### Source information

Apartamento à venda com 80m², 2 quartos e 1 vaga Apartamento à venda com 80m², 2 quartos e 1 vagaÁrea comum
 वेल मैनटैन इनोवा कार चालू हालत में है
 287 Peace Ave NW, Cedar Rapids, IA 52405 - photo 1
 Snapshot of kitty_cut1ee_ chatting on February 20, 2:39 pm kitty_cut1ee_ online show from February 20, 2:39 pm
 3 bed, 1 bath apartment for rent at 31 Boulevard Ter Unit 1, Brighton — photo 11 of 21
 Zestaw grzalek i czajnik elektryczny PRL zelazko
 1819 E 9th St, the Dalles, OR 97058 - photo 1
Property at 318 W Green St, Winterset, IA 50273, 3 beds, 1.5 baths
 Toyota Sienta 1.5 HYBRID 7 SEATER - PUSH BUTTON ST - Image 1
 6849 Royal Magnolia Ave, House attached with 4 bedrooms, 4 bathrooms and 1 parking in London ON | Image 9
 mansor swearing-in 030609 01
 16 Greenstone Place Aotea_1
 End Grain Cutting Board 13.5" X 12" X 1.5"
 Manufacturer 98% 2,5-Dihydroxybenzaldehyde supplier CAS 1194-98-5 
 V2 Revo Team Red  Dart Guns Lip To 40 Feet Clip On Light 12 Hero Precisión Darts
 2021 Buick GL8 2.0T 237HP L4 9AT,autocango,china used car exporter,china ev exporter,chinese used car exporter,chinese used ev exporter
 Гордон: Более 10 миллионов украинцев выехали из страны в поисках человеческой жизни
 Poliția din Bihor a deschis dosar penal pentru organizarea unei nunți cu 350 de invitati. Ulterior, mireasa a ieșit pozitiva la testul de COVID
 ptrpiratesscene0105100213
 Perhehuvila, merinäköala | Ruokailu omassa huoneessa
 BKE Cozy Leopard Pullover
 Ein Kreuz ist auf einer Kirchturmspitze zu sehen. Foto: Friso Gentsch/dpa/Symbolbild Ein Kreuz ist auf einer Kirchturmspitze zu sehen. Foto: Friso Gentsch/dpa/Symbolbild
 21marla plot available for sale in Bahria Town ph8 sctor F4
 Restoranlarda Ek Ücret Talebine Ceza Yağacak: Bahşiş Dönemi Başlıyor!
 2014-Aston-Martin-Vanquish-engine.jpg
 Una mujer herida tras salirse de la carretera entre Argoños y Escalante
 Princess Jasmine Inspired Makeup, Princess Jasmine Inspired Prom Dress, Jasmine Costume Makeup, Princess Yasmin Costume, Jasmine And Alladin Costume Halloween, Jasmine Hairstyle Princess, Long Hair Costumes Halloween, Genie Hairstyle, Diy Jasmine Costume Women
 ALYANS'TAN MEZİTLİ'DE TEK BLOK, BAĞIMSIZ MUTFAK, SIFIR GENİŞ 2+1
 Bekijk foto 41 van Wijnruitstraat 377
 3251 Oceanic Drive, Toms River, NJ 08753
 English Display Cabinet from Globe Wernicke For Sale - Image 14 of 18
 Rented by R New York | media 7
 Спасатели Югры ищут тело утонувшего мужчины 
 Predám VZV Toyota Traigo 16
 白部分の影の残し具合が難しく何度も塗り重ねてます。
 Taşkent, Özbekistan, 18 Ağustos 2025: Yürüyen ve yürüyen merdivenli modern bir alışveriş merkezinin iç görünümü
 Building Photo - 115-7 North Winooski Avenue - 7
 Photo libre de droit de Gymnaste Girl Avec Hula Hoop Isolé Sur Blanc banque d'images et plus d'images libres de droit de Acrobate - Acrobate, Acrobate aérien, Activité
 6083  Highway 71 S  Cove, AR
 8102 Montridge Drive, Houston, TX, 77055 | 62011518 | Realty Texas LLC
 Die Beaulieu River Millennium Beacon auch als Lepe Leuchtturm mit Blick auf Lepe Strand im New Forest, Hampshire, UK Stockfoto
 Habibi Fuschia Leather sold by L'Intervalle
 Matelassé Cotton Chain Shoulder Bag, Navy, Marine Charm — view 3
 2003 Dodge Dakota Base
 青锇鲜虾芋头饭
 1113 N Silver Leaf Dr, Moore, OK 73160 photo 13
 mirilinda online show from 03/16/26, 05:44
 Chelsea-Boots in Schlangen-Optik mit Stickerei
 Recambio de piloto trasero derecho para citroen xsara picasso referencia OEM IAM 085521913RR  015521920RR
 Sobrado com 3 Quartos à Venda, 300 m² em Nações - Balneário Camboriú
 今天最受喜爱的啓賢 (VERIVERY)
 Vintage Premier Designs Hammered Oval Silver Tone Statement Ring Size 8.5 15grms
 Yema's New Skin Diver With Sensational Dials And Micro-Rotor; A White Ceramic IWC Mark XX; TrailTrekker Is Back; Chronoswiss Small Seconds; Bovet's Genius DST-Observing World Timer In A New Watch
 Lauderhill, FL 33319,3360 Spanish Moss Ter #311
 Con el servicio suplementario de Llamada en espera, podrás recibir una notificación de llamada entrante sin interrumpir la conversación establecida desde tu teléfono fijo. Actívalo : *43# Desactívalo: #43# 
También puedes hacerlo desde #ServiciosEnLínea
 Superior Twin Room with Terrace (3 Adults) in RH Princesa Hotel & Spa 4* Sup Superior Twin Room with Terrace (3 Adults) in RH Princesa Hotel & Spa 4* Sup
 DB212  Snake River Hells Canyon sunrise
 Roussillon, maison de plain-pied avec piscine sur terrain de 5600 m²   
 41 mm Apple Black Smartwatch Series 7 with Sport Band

### Activity
In the listing above, the lines from the one containing "Poliția din Bihor" through the one containing "Una mujer herida" must be set down exactly, with no other lines.

### Written solution
 Poliția din Bihor a deschis dosar penal pentru organizarea unei nunți cu 350 de invitati. Ulterior, mireasa a ieșit pozitiva la testul de COVID
 ptrpiratesscene0105100213
 Perhehuvila, merinäköala | Ruokailu omassa huoneessa
 BKE Cozy Leopard Pullover
 Ein Kreuz ist auf einer Kirchturmspitze zu sehen. Foto: Friso Gentsch/dpa/Symbolbild Ein Kreuz ist auf einer Kirchturmspitze zu sehen. Foto: Friso Gentsch/dpa/Symbolbild
 21marla plot available for sale in Bahria Town ph8 sctor F4
 Restoranlarda Ek Ücret Talebine Ceza Yağacak: Bahşiş Dönemi Başlıyor!
 2014-Aston-Martin-Vanquish-engine.jpg
 Una mujer herida tras salirse de la carretera entre Argoños y Escalante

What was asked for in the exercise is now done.